Dziurawiec.

 

Niepozorny, specjalnie, nierzucający się w oczy, ale...Dla mnie jest zjawiskowy, złocistożółty. -Dziurawiec był stosowany jako lek, w bardzo dawnych czasach. Jak podaje; ,,Witaminnyje i lekarstwiennyje rastienija'' autorstwa P. Czikow i J. Łaptiew. -,,Podczas prac wykopaliskowych prowadzonych w starosłowiańskim grodzisku Biskupin, które istniało przed 2500 laty, znaleziono resztki 20 roślin leczniczych, a wśród nich dziurawiec. Na Rusi uważano dziurawiec za ziele leczące 99 chorób''. Znane preparaty z tegoż ziela to; napary, nalewki, wyciągi. Pobudzenie apetytu, w zapaleniach dziąseł, nerek, jamy ustnej, okrężnicy.
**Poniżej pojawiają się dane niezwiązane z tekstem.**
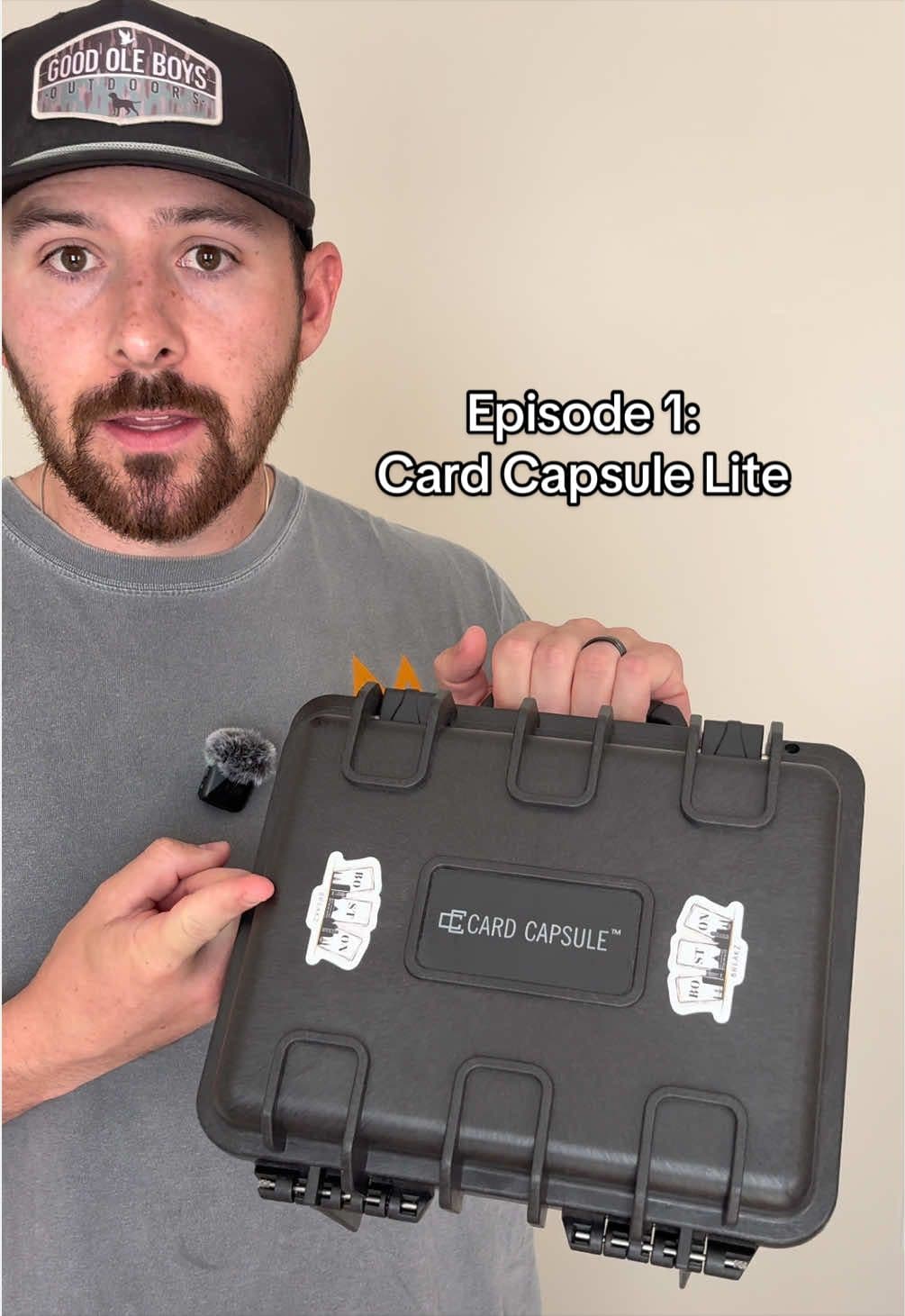 Episode 1 of the new series where we review every Card Capsule case! • • • #sportscards #sportscardshows #sportscardsandmemorbilia #cardcoll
Przy nadciśnieniu, a także przy; grypie, anginie, chorobach wątroby, żołądka, obfitych menstruacjach. W leczeniu owrzodzeń, ran i wysypek. Dziurawiec i jego ogromne znaczenie, zostało zapomniane, a szkoda, bo można go znaleźć tam, gdzie spokój i brak kosiarek.